Data shown START
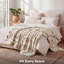 Couverture en fausse fourrure à bulles 480 g / m², lit moelleux moelleux, canapé moelleux et housse de lit, lait avoine-134226895-134226896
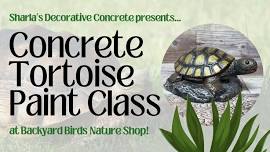 SOLD OUT: Paint Your Own Concrete Tortoise with Sharla!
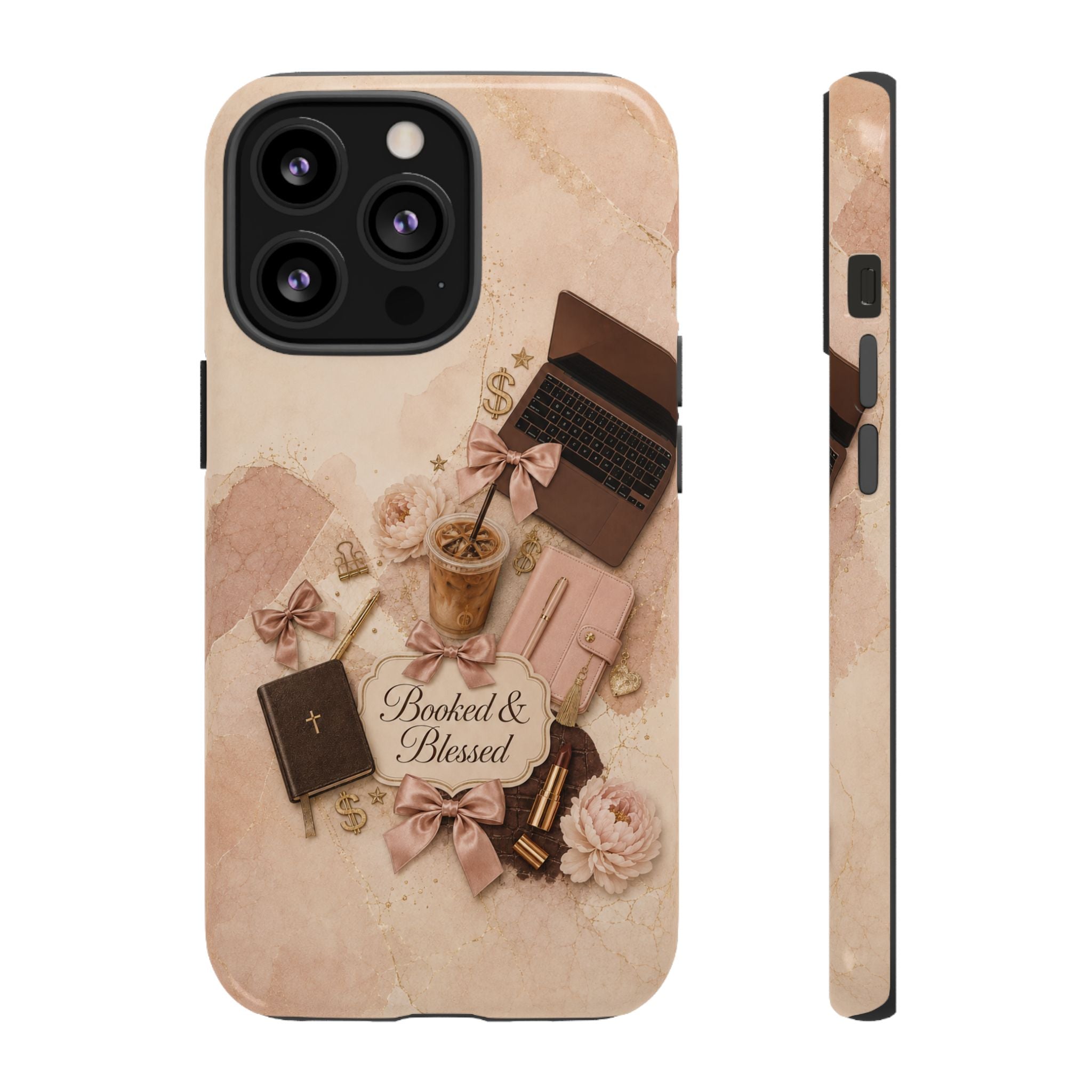 Booked & Blessed Christian Book Lover Phone Case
Data shown END
Write out the whole listing exactly, with no pictures.

 Couverture en fausse fourrure à bulles 480 g / m², lit moelleux moelleux, canapé moelleux et housse de lit, lait avoine-134226895-134226896
 SOLD OUT: Paint Your Own Concrete Tortoise with Sharla!
 Booked & Blessed Christian Book Lover Phone Case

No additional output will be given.